- _What this task involves_
Give again, exactly as written, the lines of the records below from the line with "Folheto Pingo Doce" to the line with "New 2025 Chevrolet". Both end lines count; pictures do not.

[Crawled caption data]

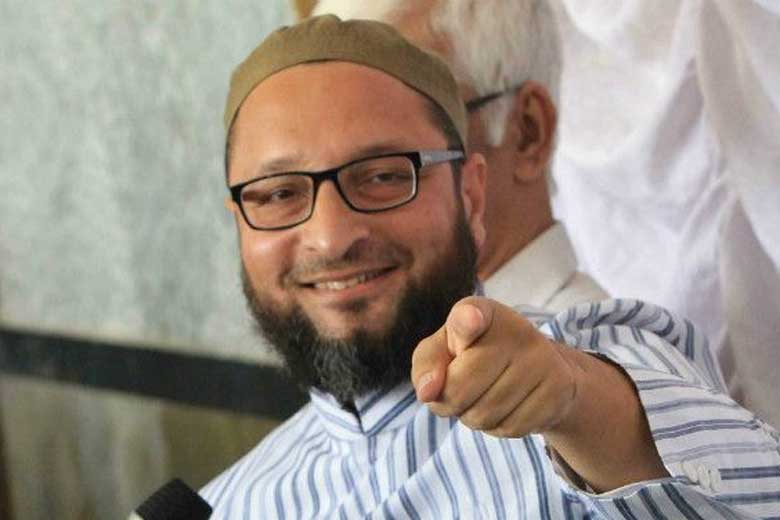 Our party does not support terrorism: Asaduddin Owaisi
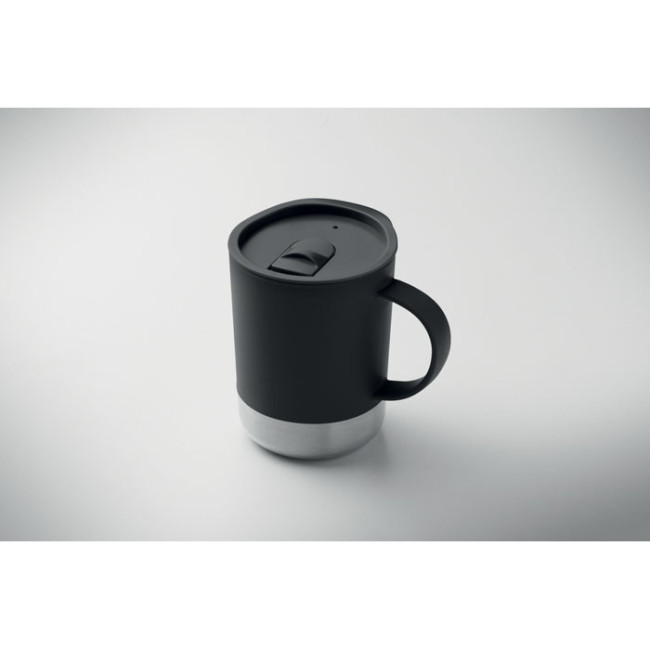 Mug publicitaire personnalisé Beaker 300 ml 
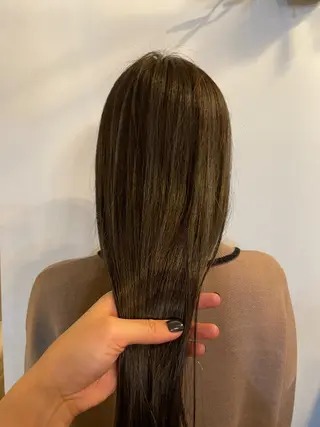 カラー loty hair design所属・Juri メンズカットパーマのヘアスタイル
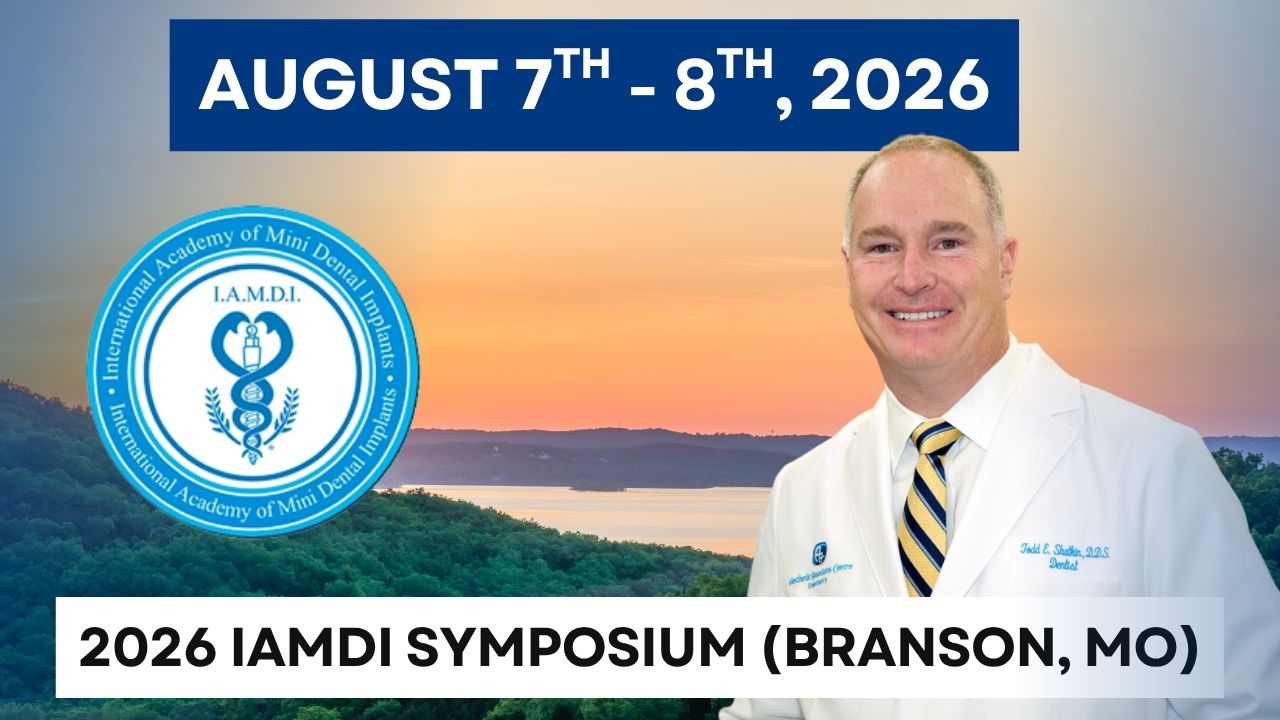 Shaktin First Implant Training Course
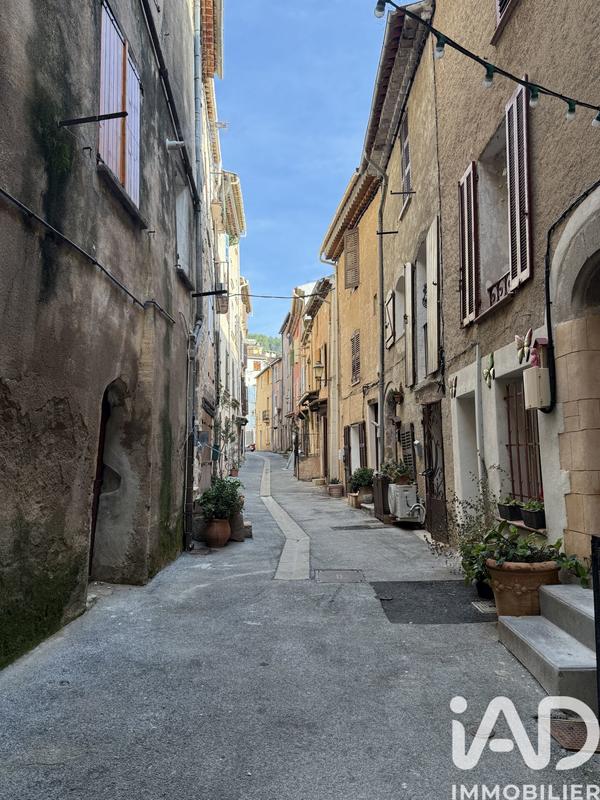 Appartement - 25 m² - 1 pièce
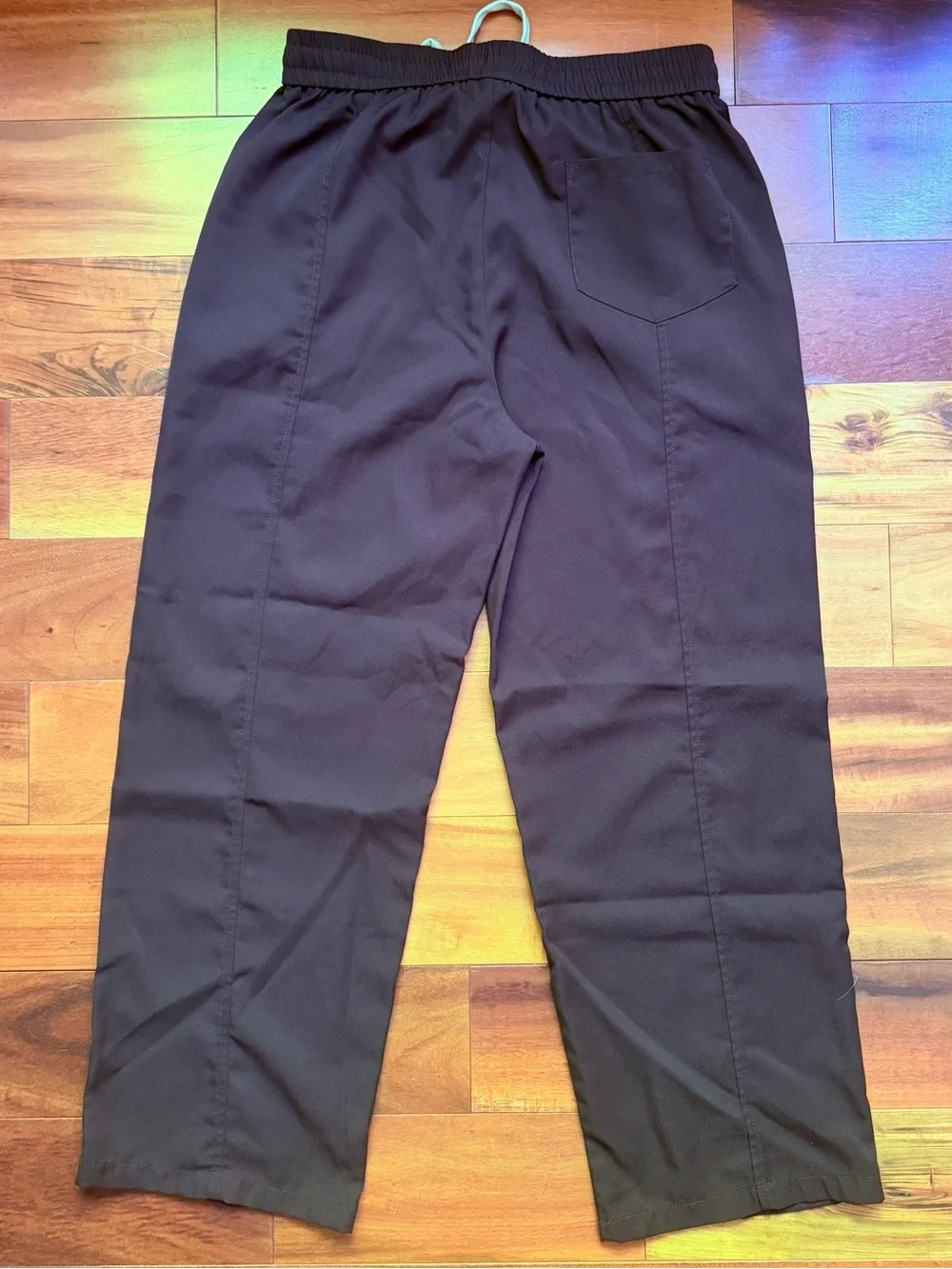 SHEIN Straight Pull-on Casual Pants - Picture 6 of 10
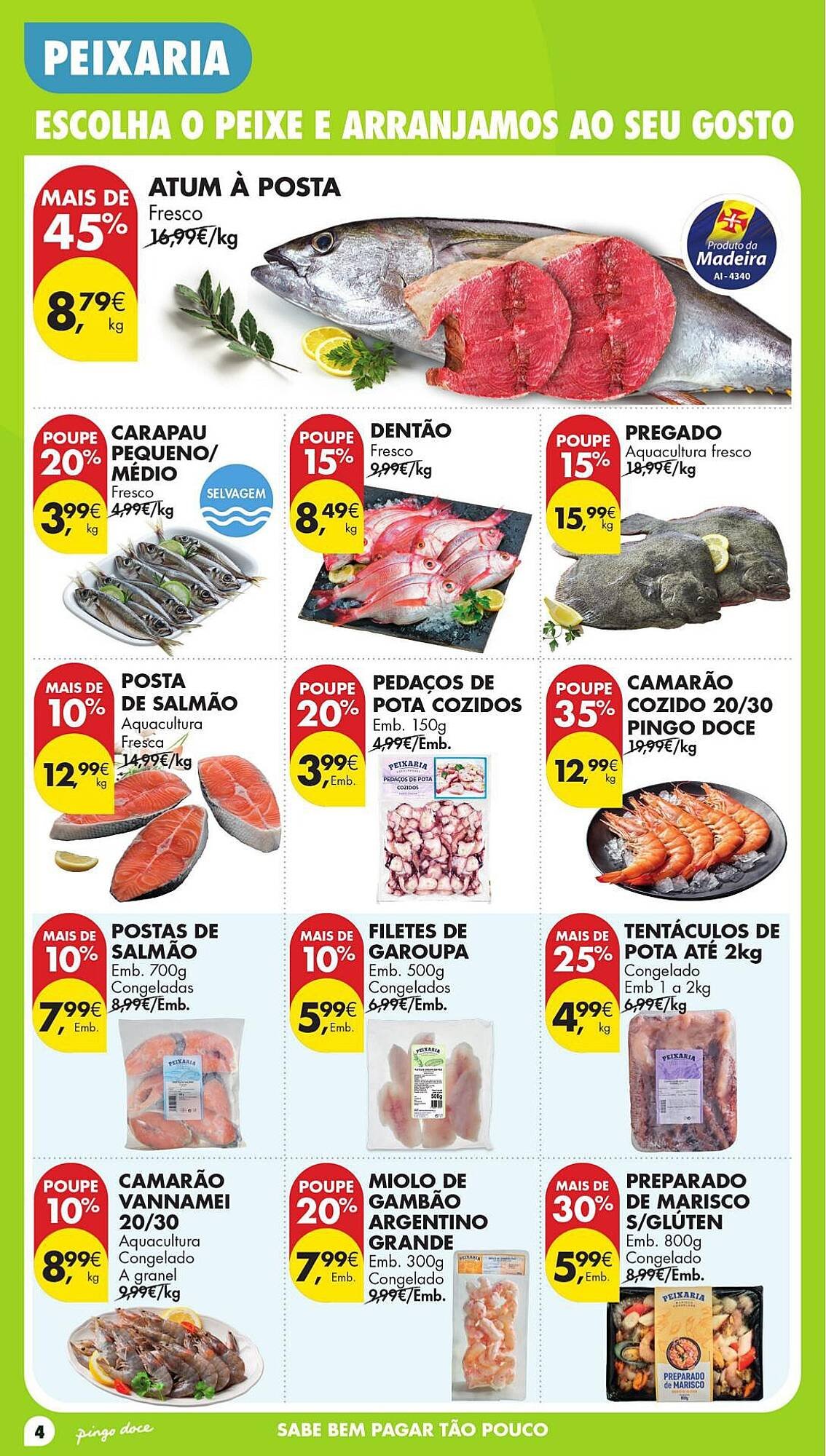 Folheto Pingo Doce (2026-05-12 - 2026-05-18) | 4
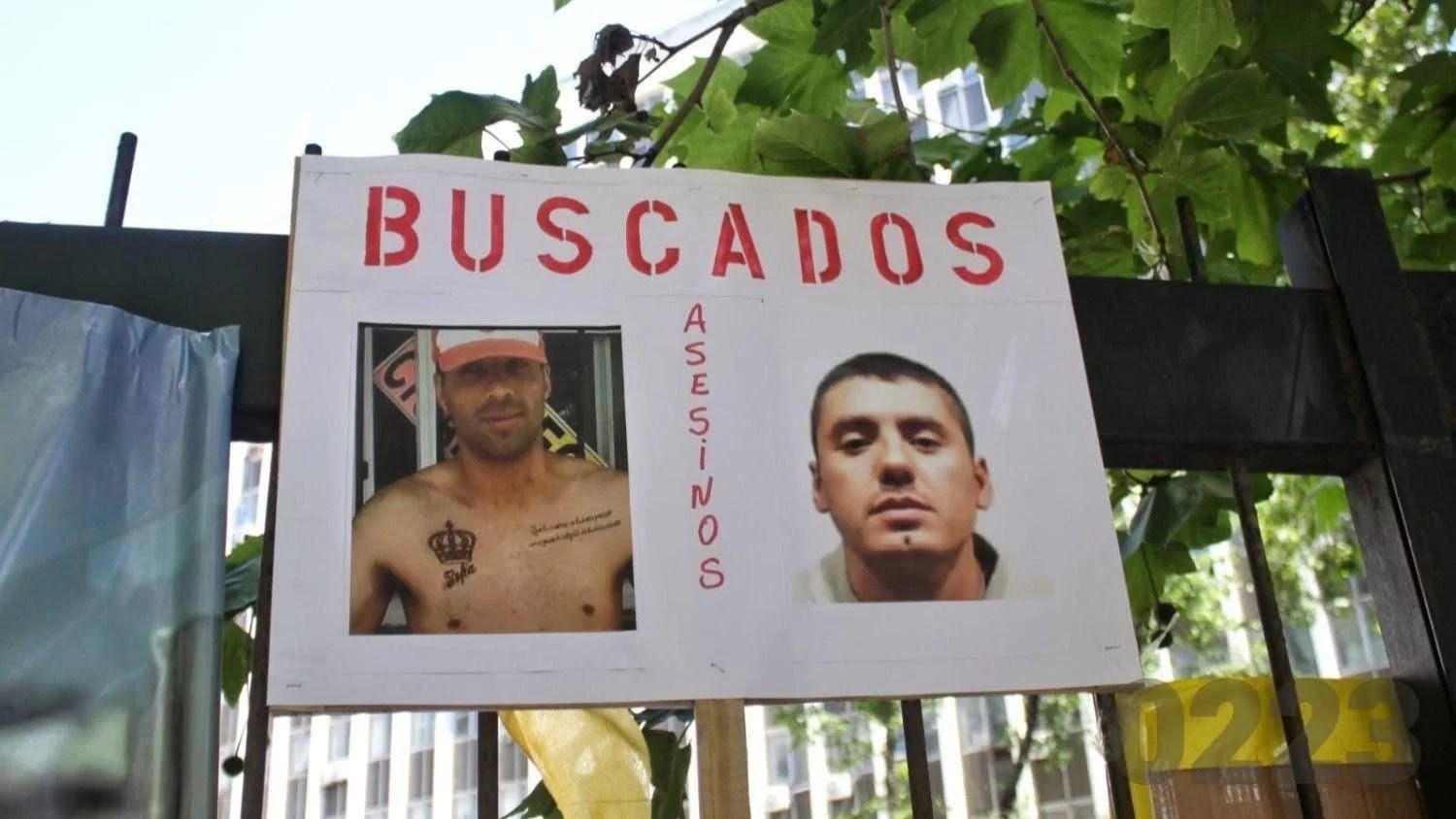 Prófugos hace un año: Mar del Plata pide justicia por la muerte del DJ "Lele" Gatti 1 R5.jpg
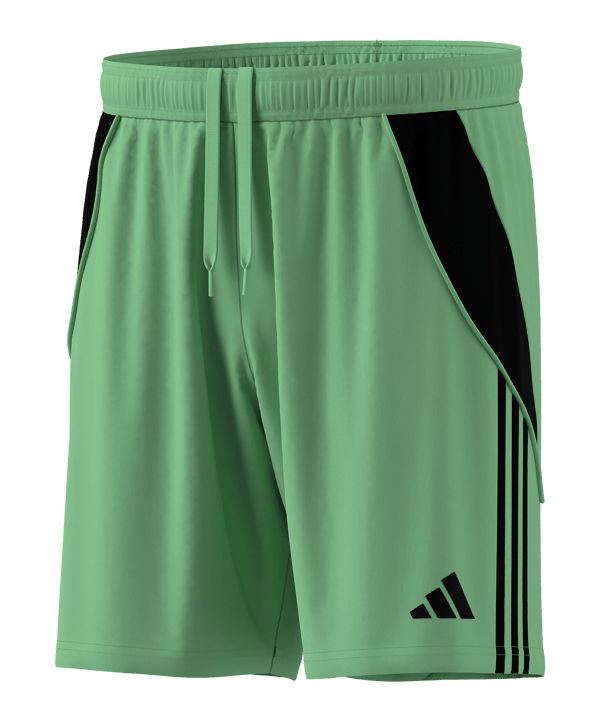 adidas Tiro 24 Short Grün - gruen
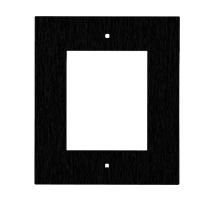 2N IP VERSO - IN-WALL MODULE M1 BL ONLY APPLICABLE W/ 9155014 ACCS (9155011B)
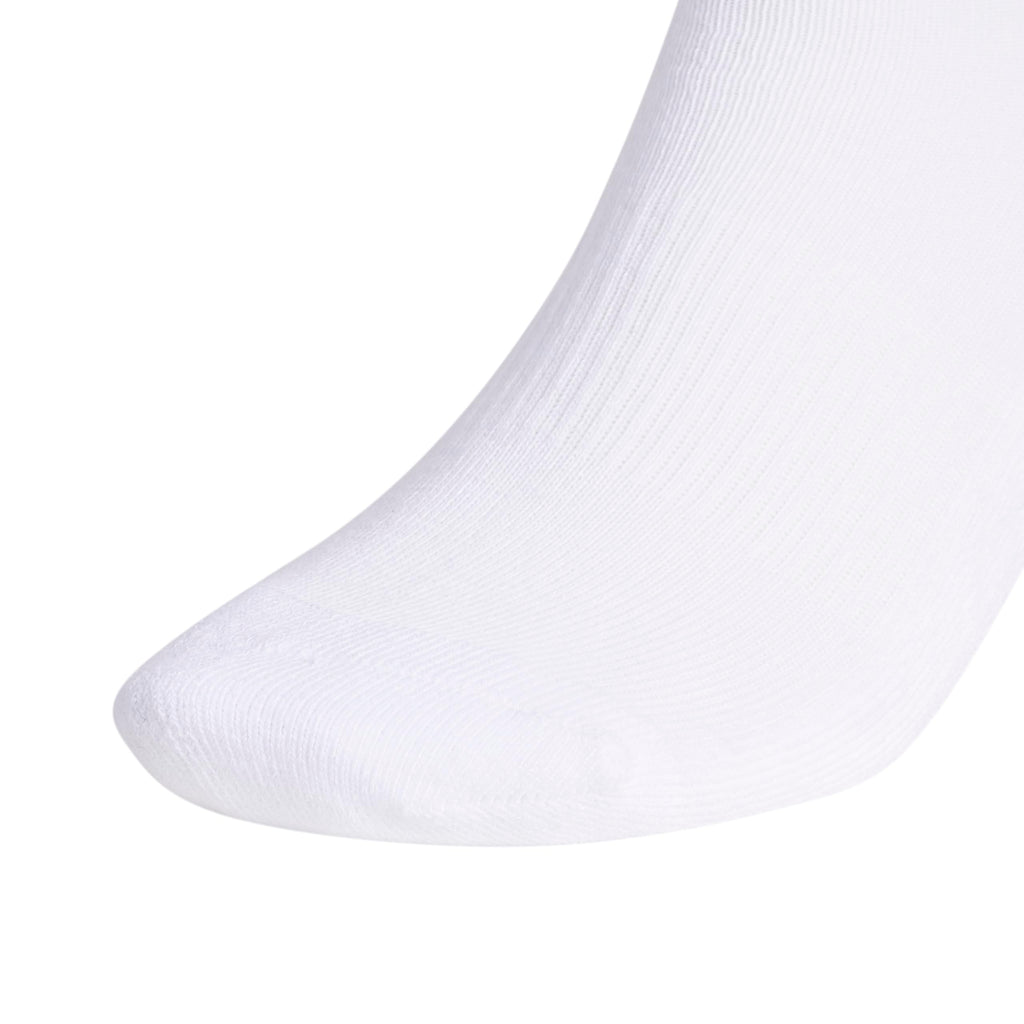 adidas Mens Athletic Cushioned 6-Pack Crew Socks Casual - Green Jansha Store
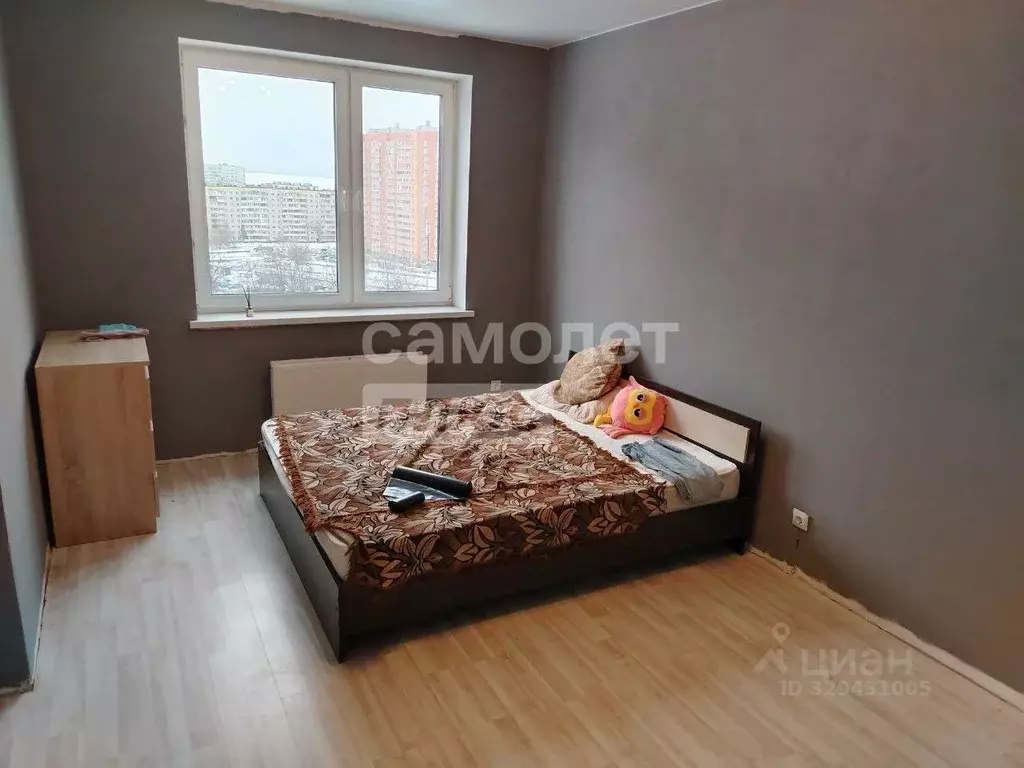 1-к кв. Московская область, Балашиха ш. Косинское, 1 (37.3 м) - Фото 1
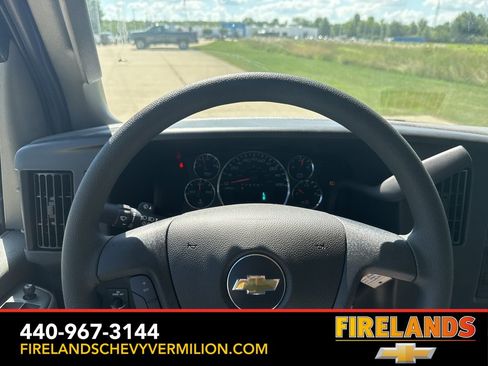 New 2025 Chevrolet Express 2500 w/ Driver Convenience Package image 13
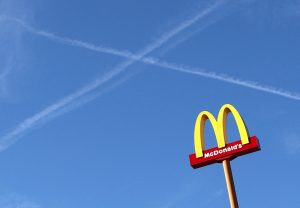 McDonald’s e Wendy’s ganham ação judicial sobre tamanho de hambúrguer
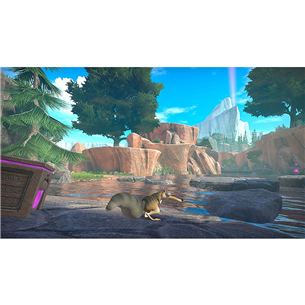 Игра для Xbox One, Ice Age: Scrat's Nutty Adventure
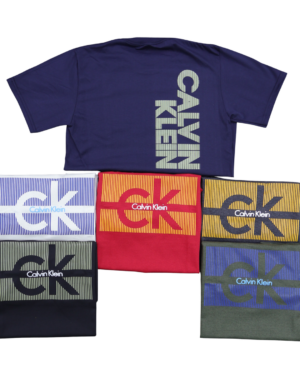 PLAYERA C/R ESTAMPADA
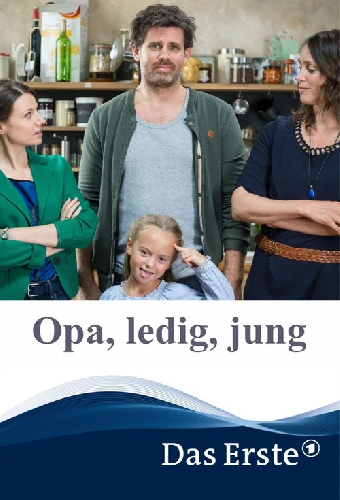 Opa, ledig, jung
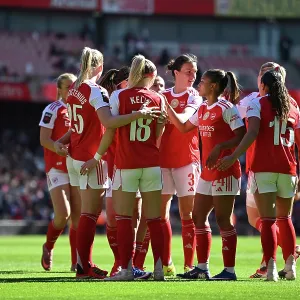 Arsenal v West Ham United - Barclays Women's Super League<br> Arsenal v West Ham United - Barclays Women's Super League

- _Written response_
 Folheto Pingo Doce (2026-05-12 - 2026-05-18) | 4
 Prófugos hace un año: Mar del Plata pide justicia por la muerte del DJ "Lele" Gatti 1 R5.jpg
 adidas Tiro 24 Short Grün - gruen
 2N IP VERSO - IN-WALL MODULE M1 BL ONLY APPLICABLE W/ 9155014 ACCS (9155011B)
 adidas Mens Athletic Cushioned 6-Pack Crew Socks Casual - Green Jansha Store
 1-к кв. Московская область, Балашиха ш. Косинское, 1 (37.3 м) - Фото 1
 New 2025 Chevrolet Express 2500 w/ Driver Convenience Package image 13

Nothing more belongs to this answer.